VELOCITY AND WALL PRESSURE FLUCTUATIONS OF TURBULENT BOUNDARY LAYER

The results of the study of the velocity pulsation field and the near-wall pressure of the turbulent boundary layer, which is formed on a flexible elongated cylinder and a hydraulically smooth flat plate, are presented. Peculiarities of the interaction of the velocity and pressure fields in the boundary layer are shown; sound and pseudosonic sources of hydrodynamic noise are characterized. The integral, correlation and spectral characteristics of the field of velocity pulsations and wall pressure in the turbulent boundary layer are analyzed. The relationship between these statistical characteristics is shown, as well as the mechanisms and sources that influence the behavior of these characteristics.
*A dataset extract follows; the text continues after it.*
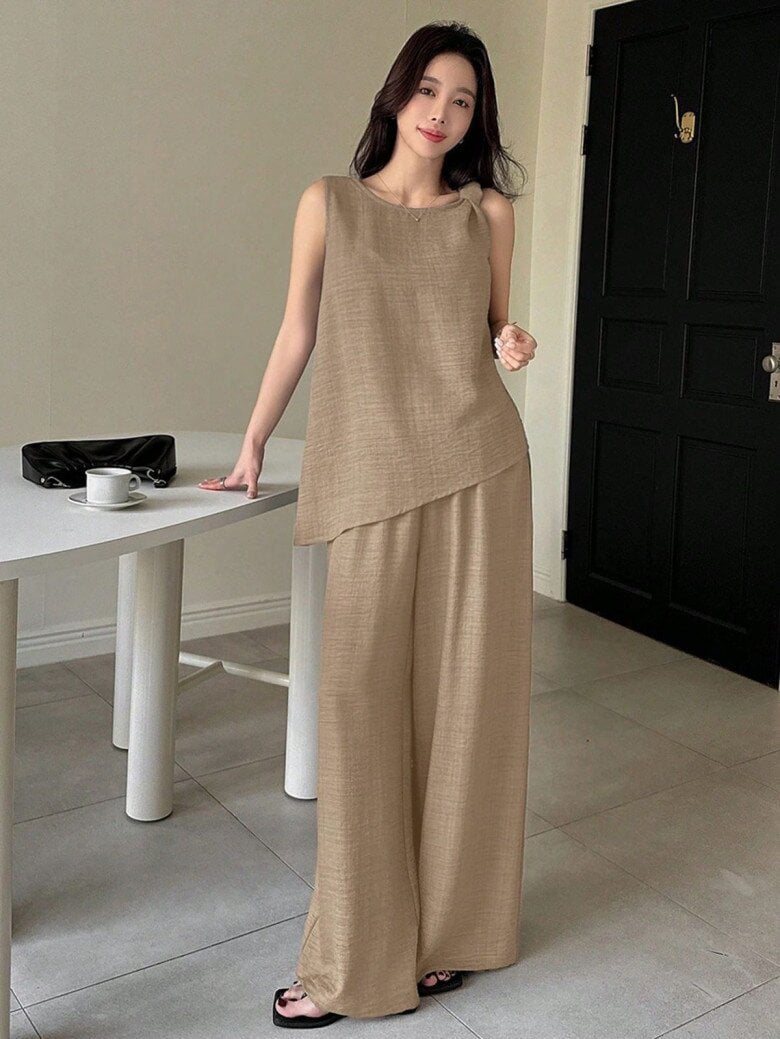 Mỗi khi nhiệt độ tăng cao, linen luôn là cái tên được nhắc đến đầu tiên.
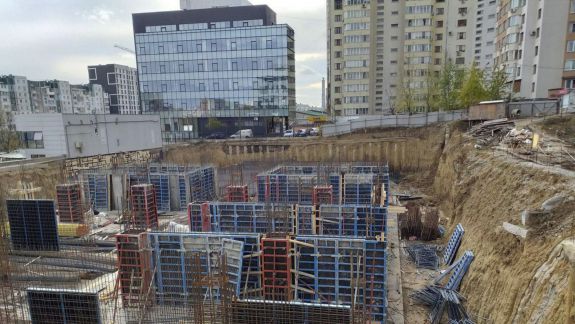 Șantierul de construcții de pe Mircea cel Bătrân: Locatarii nemulțumiți au venit la ședința CMC. Primarul promite soluții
It is noted that large-scale vortex structures and small-scale vortices are formed in the turbulent boundary layer, which form the outer and inner regions of the boundary layer. It is established that large-scale vortex structures generate pressure fluctuations, whose probability density distribution law is close to Gaussian law, and small-scale vortices that generate high-frequency or low-wave fluctuations have a non-Gaussian law of probability distribution of pulsation density. The interaction of coherent vortex structures with each other and with the streamlined surface leads to changes in the integral, correlation and spectral characteristics of the velocity and pressure fields. It is noted that with increasing the distance between the pressure fluctuation sensors, the correlation of signals decreases, and the delay time of correlated signals increases. Thus, with the increasing of the distance between the measuring points, the correlated fluctuations are those generated by the large-scale vortex structures. It is determined that the highest levels of velocity and pressure fluctuations are generated by the large-scale vortex structures that have the highest coherence. The results obtained make it possible to characterize coherent vortex structures, their features of formation, places of origin, scales, directions and velocities of transfer.